Auch Westneonazi Christian Worch rechts neben Hasselbach.
Die beiden lernen sich kurz nach Mauerfall kennen.
Worch wurde "Führer von Hamburg" genannt.
Die Kader aus dem Westen wie Worch
sahen auf dem Gebiet der Ex-DDR einen fruchtbaren Boden
für ihre radikalen Ideen.
Sie witterten ihre Chance.
Dass wir gemeinsam vereint sind
in einem heiligen Großdeutschen Reich.
(mehrere:) Sieg heil! Sieg heil! Sieg heil!

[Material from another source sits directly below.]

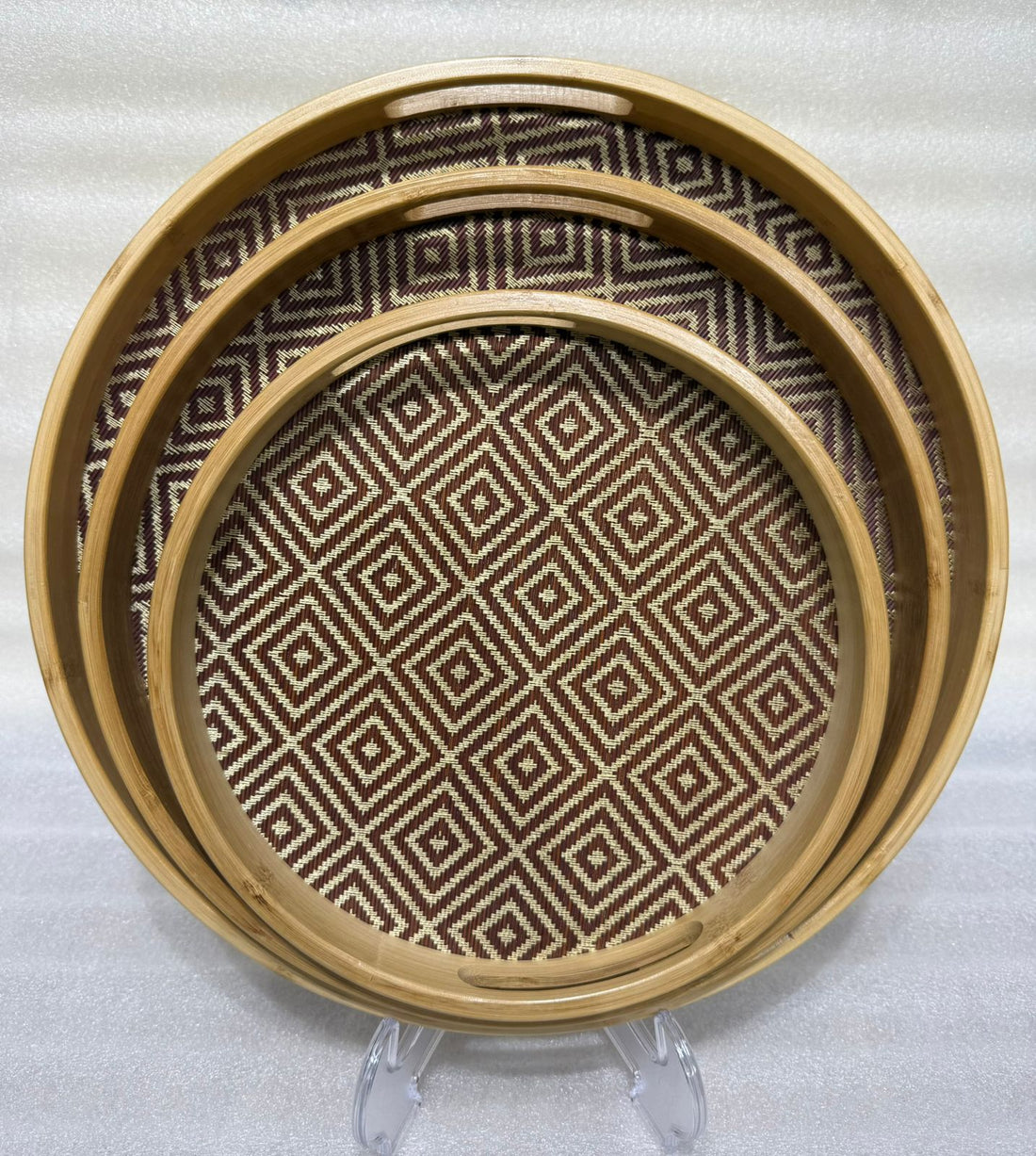 3-Piece Round Bamboo Nesting Serving Trays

Wir haben hier ein großes Potential von vorwiegend jungen Menschen,
die politisch unverbraucht sind.
Diese Naivität, ich möchte es schöne Naivität nennen,
die wird sehr befruchtend, die wird sehr beflügelnd auf das rechte Lager
Gesamtdeutschlands, also auch der alten Bundesländer wirken.

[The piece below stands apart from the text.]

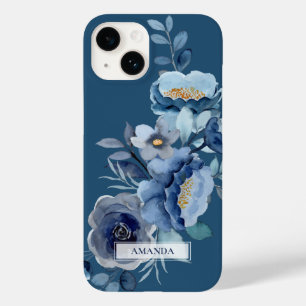Coque Pour iPhone 14 Fleurs de marine   Nom personnalisé bleu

Wie wichtig war der Osten wirklich für die Westnazis?
Ich fahre zum ehemaligen Führer von Hamburg.
Heute wohnt er in Parchim.
In den letzten Jahren fuhr er noch Taxi.
Jetzt lebt er von Hartz IV erzählt er.
Seit 40 Jahren ist Christian Worch strammer Rechtsextremist.

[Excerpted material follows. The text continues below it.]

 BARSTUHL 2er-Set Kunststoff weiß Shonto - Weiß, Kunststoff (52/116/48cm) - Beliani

Ein Ordner mit "NS-heute" fällt mir auf.
Ansonsten lässt hier wenig auf seine politische Gesinnung schließen.
(Elektronische Musik)
Auf Smalltalk vor dem Interview haben weder er noch ich Lust.
(Ernste Musik)
Wo stand denn die Rechte vor Mauerfall in der Bundesrepublik?
Als radikale Rechte waren wir vor dem Mauerfall in der BRD
nicht einmal im Stande 1.000 Mann auf die Straße zu bringen.
War denn der Mauerfall für Sie ein Glücksfall?
Das war er eindeutig, ja.
Wir hatten die Hoffnung,
dass nach dem Sturz des einen deutschen Systems
möglicherweise nahezu direkt anschließend
der Sturz des zweiten deutschen Systems stattfinden könnte.
Wir hatten plötzlich Zugriff auf personelle Ressourcen von Menschen,
die mit dem kommunistischen System überhaupt nichts mehr am Hut hatten.
Mit anderen Worten Leute, die bereits etwas geändert hatten
und die im Prinzip zu weiteren Veränderungen bereit waren.
(Ernste Musik)
So wie Ingo Hasselbach und seine Kameraden.
Der Fall der Mauer, der Zusammenbruch der DDR,
also eines ganzen Staates,
brachte nach der ersten Euphorie viel Unsicherheit.
Arbeitslosigkeit und Unzufriedenheit -
eine gefährliche Mischung.
(Treibende Musik)
Ich treffe einen Mann,
der gegen Ingo Hasselbach in den 90ern ermittelt hat.
Jahre später werden sie gemeinsam
die Aussteigerorganisation "Exit" gründen.
Bernd Wagner war schon Kriminalpolizist in der DDR.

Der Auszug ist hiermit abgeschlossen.